Purpose-built environments make this kind of collaboration possible. When people with different expertise are brought together, across sectors, disciplines, and organisations, the barriers between idea, application, and impact begin to dissolve.
Around the world, we’re seeing how well-structured innovation ecosystems can deliver real results. In Toronto, the MaRS Discovery District brings clinicians and entrepreneurs together in a 1.5 million square foot centre in the heart of the city. It’s not just a building, but a carefully designed environment where collaboration is built into the fabric of the space and patient outcomes stay at the centre of innovation.
In Oslo, Science City is redefining how health innovation ecosystems function. Through strategic partnerships between global pharmaceutical firms, local start-ups, and research institutions, shared tenancy and joint programme design have created a highly commercial, collaborative environment. You can read more in our feature, Innovation Beyond Borders: Lessons from Oslo. Similarly, the Amsterdam Life Sciences District demonstrates how long-term joint ventures between academia and the private sector can embed innovation throughout both research and delivery.
These places succeed not just because of their infrastructure, but because of their clarity of purpose, alignment of partners, and openness to experimentation.
Here in the UK, cities like Leeds and Sheffield are building something just as ambitious, and we’re proud to be playing a role in it. In Leeds, we’re working with Leeds Teaching Hospitals NHS Trust, Leeds Beckett University, Nexus, Leeds City Council, and the West Yorkshire Combined Authority to bring the vision for the Old Medical School to life. The goal is to create a purpose-built health innovation centre that acts as a physical and cultural hub for collaboration, commercialisation, and improved patient outcomes.

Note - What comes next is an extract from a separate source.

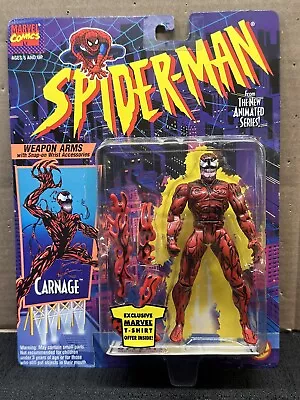 Marvel Comics Spider-Man Carnage 5” Action Figure 1994 Toy Biz New/ Sealed! • $38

At Sheffield Olympic Legacy Park, we’re doing the same, partnering with Sheffield City Council, Sheffield Teaching Hospitals NHS Foundation Trust, Sheffield Children’s NHS Foundation Trust, Sheffield Hallam University, NHS South Yorkshire Integrated Care Board, Health Innovation Yorkshire & Humber, and the South Yorkshire Mayoral Combined Authority. Together, we’re creating a space where health, wellbeing, sport, and innovation meet, designed not only to inspire new ideas, but to accelerate them into practice.
These are not isolated developments. They are part of a broader, regional movement to turn bold ambitions into shared impact, using place as a catalyst for progress.
A key difference between high-functioning ecosystems and traditional commercial developments is the role of the ecosystem manager. Leasing space is not enough. Supporting innovation means understanding where an organisation is, where it wants to go, and what’s standing in its way. That’s why we start with diagnostic assessments, tailored conversations that surface opportunities, gaps, and needs.
From there, our role is one of curation. Many of the programmes, networks, and funding opportunities already exist. We don’t reinvent what’s working. We connect people to what is relevant. And where we identify gaps, we step in to create new partnerships, interventions, or activities to fill them.
This brokered model helps businesses move faster, reduces duplication, and keeps intellectual property, talent, and commercial value rooted in the region, benefiting both the organisations involved and the wider ecosystem around them.
Health innovation is about more than solving clinical problems. It drives growth, resilience, and long-term value. It creates confidence for investors, opportunity for researchers, better experiences for patients, and economic vitality for cities.
But most of all, it creates the conditions where innovation becomes routine, not rare. Where collaboration is expected, not exceptional.
Collaboration is the child of innovation. But collaboration doesn’t happen by accident. It happens in places built to support it.